MWN: Did you have any influential mentor in Mathematics?
Rachid Guerraoui: I remember that the Math teacher I had in the Baccalaureate was great. He was a young Moroccan, full of passion, named Saki if my memory does not fail me. He replaced the retiring French professor we had the year before. Mr. Sakir used to tell us that we should understand what was in the “head of the theorem”: I found that cute and inspiring. The philosophy teacher I had the same year, Mr. Amine according to my memory, was also great for he asked us to open our minds and question everything: this is crucial for research. Later, in France, I got some professors who got me even more attracted to Algebra, Arithmetic and then Algorithms. In the US, I also met professors who influenced me by asking their students to doubt about everything, including what they learned at school.
MWN: You have been awarded the Focus award by Google for your project Alter Ego, can you tell us about your project?
Rachid Guerraoui: Every year Google awards a couple of researchers for specific work in computer science. The award is based on the resume of the researchers and the originality of their project. I got the award for a project conducted with my wife, Anne-Marie Kenmare, who is also researcher. The Focus program is very competitive and most institutions apply for it. The fact that I was elected ACM fellow last year and my wife is a recognized researcher helped a lot.
In short, our project has to do with designing algorithms to associate, in real-time, to every Internet user and to its closer users. The term “close” here is in the sense of users who perform the same activities in the Internet, e.g., visit the same sites, like the same information etc. Needless to say, such algorithms can be very effective to improve the process of Internet browsing. A major challenge here is to do so without any central authority and without revealing the names of the users. We like to think that addressing those issues can have a deep impact and so does Google which provides us with a substantial amount of money to conduct the project. It might be important to mention here that Google has no right over the results of the project.
MWN: Why did you choose research rather than a professional career after you became an engineer?
Rachid Guerraoui: Again, the influence of my professors was crucial. As an undergraduate student in Paris, I had a couple of professors who were talking about their PhD experience and this gave me the desire to do one. While working for a PhD, I had the opportunity to go to conferences and meet researchers. The interaction with them again gave me the desire to work as a researcher. Besides, taking the time to explore specific topics, question assumptions, come up with alternative solutions has always been something I enjoyed. It turns out that, at some point, I had also spent some time in a company and my experience was not as great. In retrospect, I realized that I always enjoyed freedom and that of thinking, even if sometimes only an illusion is just great.
MWN: How was your experience in the MIT in Boston?
Rachid Guerraoui: MIT, especially in the context of Information Technologies and Mathematics, is a fantastic university and research center. The economy generated by its professors, students and former students correspond to that of an industrial country.
This is simply amazing and might be a consequence of various facts. (1) MIT is a place where the only thing that counts is how good a researcher and a teacher is.

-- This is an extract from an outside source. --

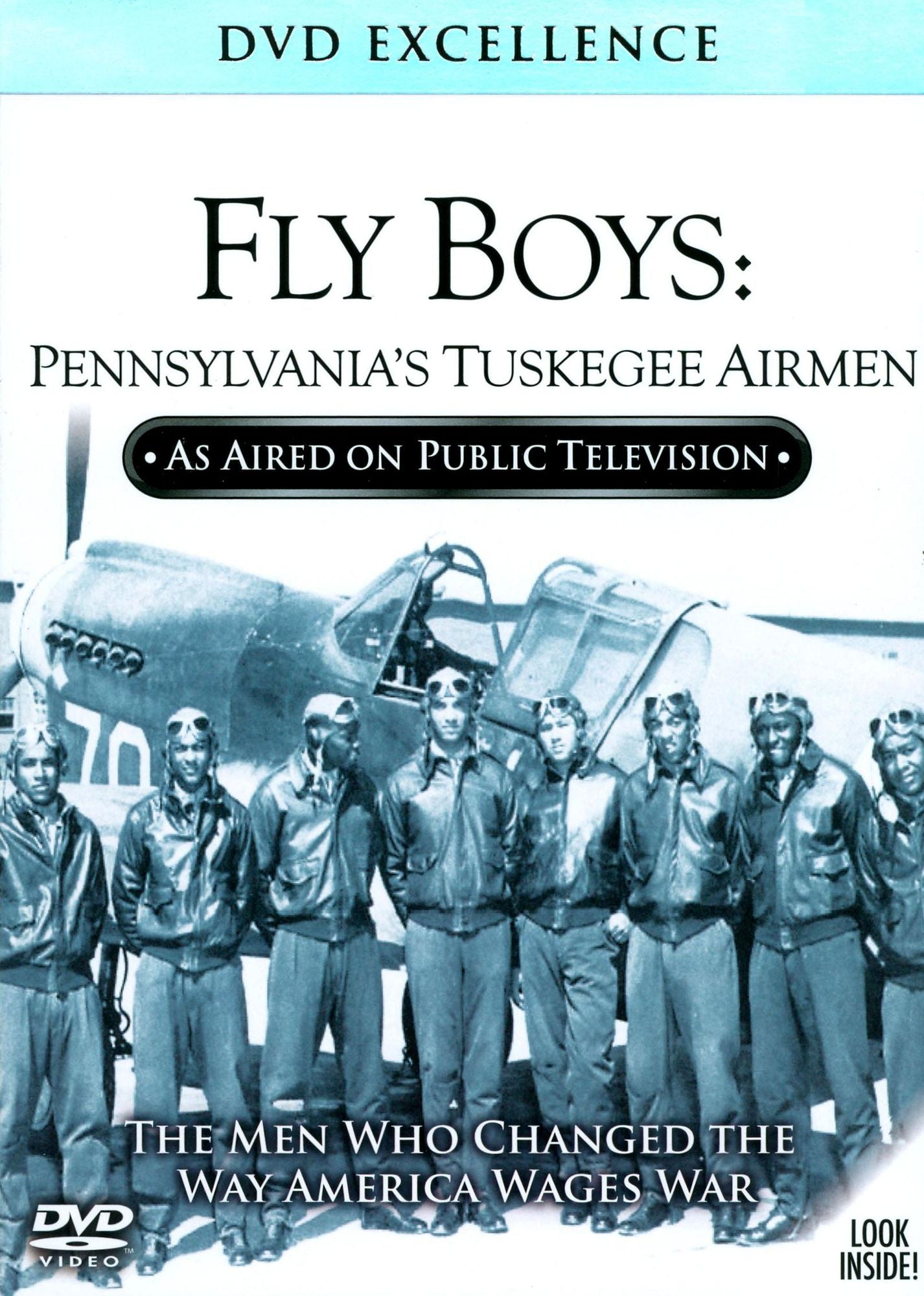 Fly Boys: Pennsylvania's Tuskegee Airmen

When the question comes about why someone should be hired or promoted, nothing else matters. The best students and professors in the world go work there if they can. The best professors do not become deans but are devoted to their passion: research. I had the opportunity to work there and could have stayed longer but I had to go back to Europe for family reasons. (2)
Besides the fact that the students and professors have access to a high standard education to pursue good research, the general atmosphere is very open and favors creativity and interaction. There are for example dozens of student associations, i.e., Catholic, Orthodox, Jewish, Muslim, Buddhist, Atheist, Gay, etc. All of them co-exist peacefully manner and there are all kinds of panels to bring them together and exchange experiences and opinions. This looks a priori irrelevant to scientific pursuits but I came to realize that this kind of freedom is key to enhance creativity. I noticed the same atmosphere in Stanford when I was living in the Silicon Valley, working for Hewlett Packard.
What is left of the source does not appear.